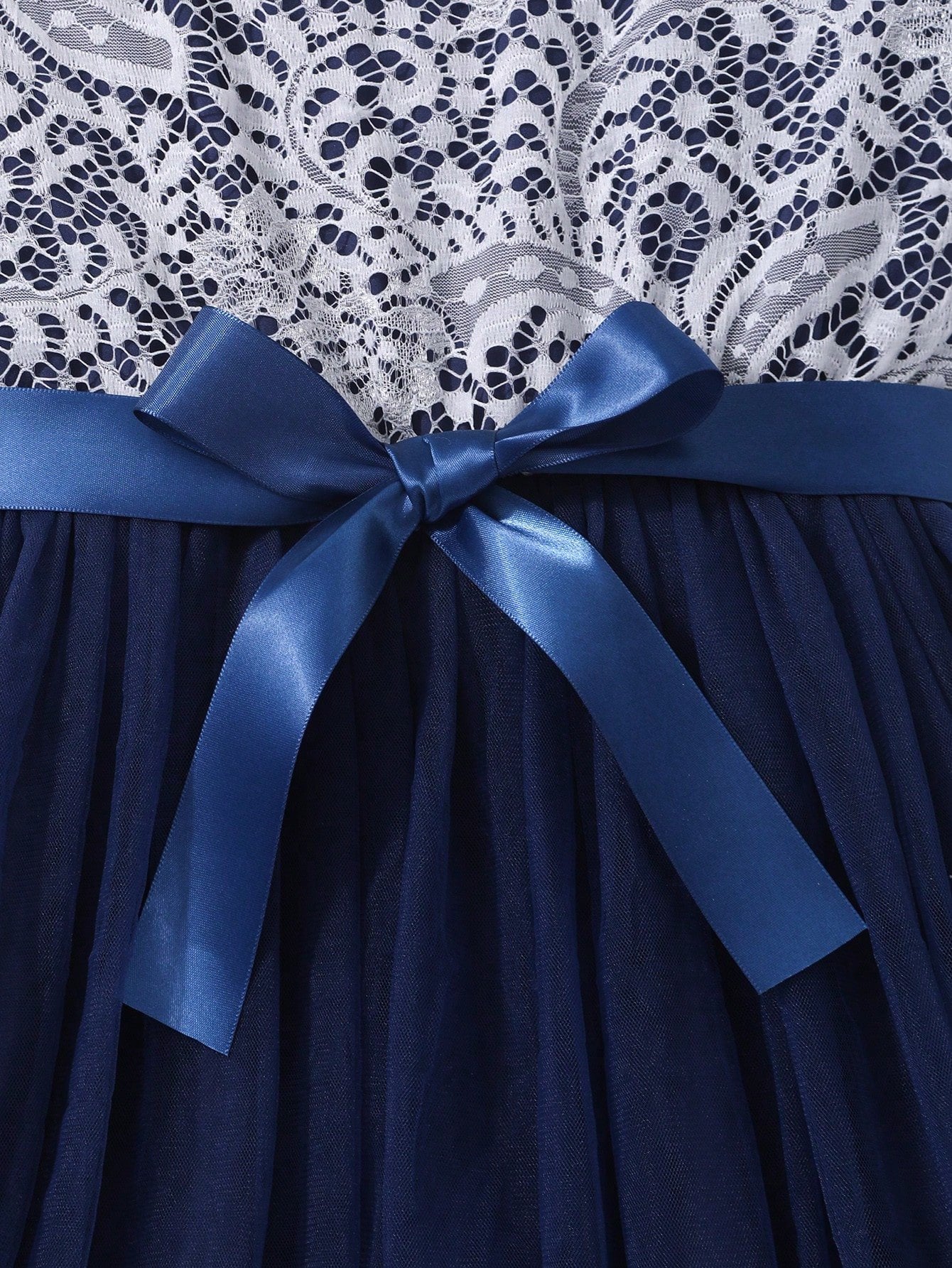 Vestido elegante azul marino para niña con encaje y falda de tul, ideal para ocasiones especiales.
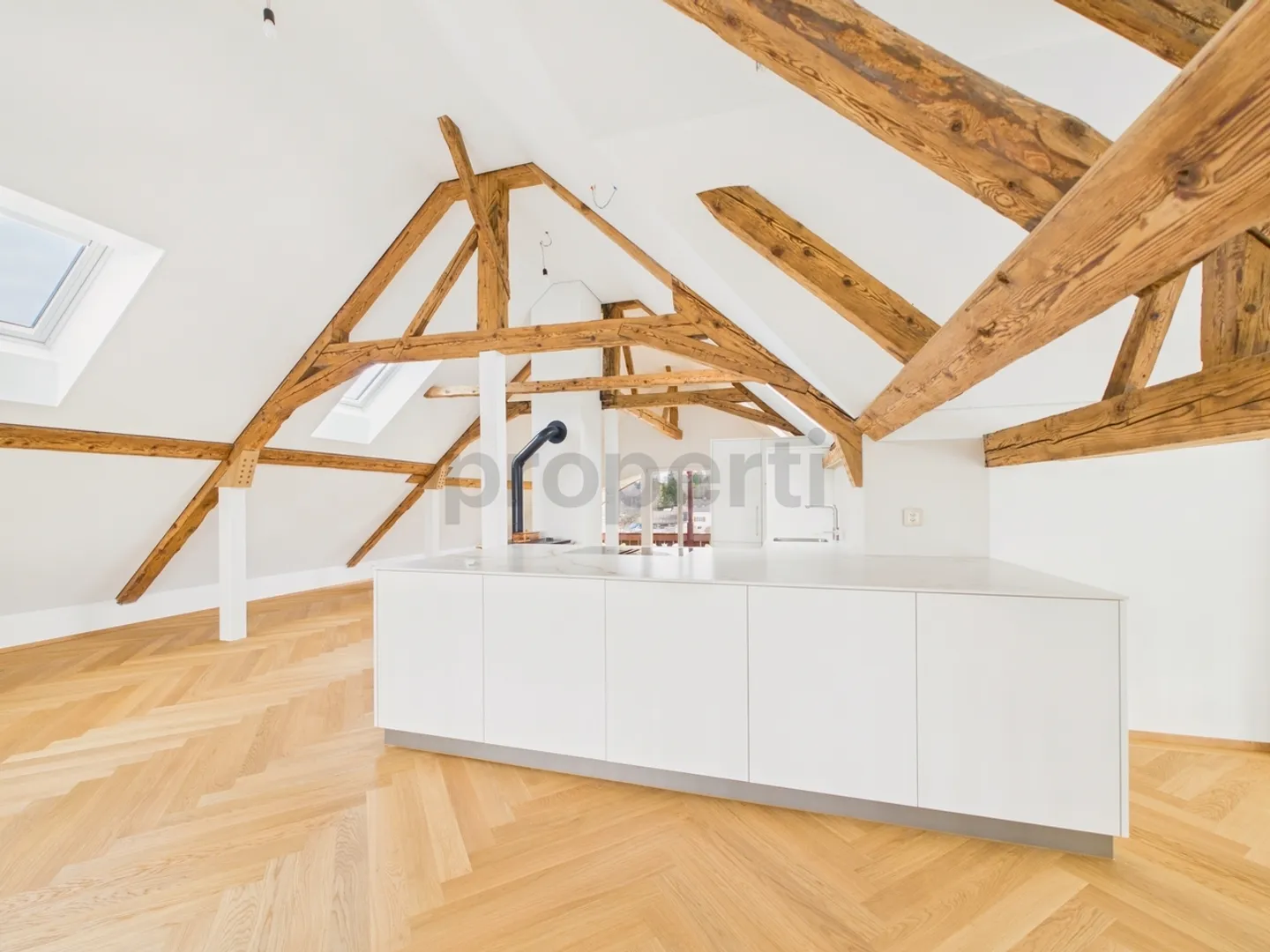 Loft au standard de copropriété - récemment rénové - Photo 1 sur 13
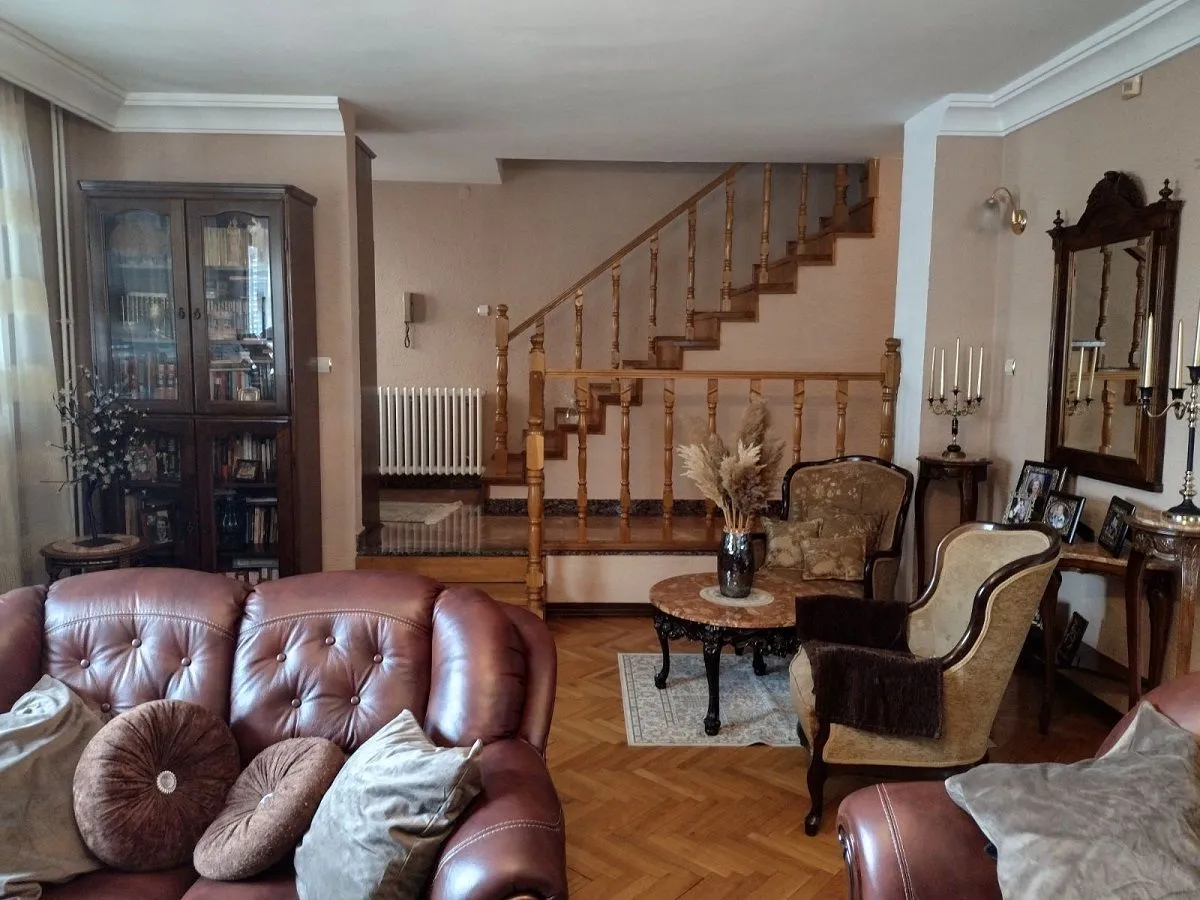Prodaja, kuća, 415m², Dedinje Rtv Pink, Dedinje Sve Podlokacije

_EXERCISE BRIEF_: Repeat each line of the material exactly, and drop any image it carries.

_EXERCISE RESULT_:
 Vestido elegante azul marino para niña con encaje y falda de tul, ideal para ocasiones especiales.
 Loft au standard de copropriété - récemment rénové - Photo 1 sur 13
Prodaja, kuća, 415m², Dedinje Rtv Pink, Dedinje Sve Podlokacije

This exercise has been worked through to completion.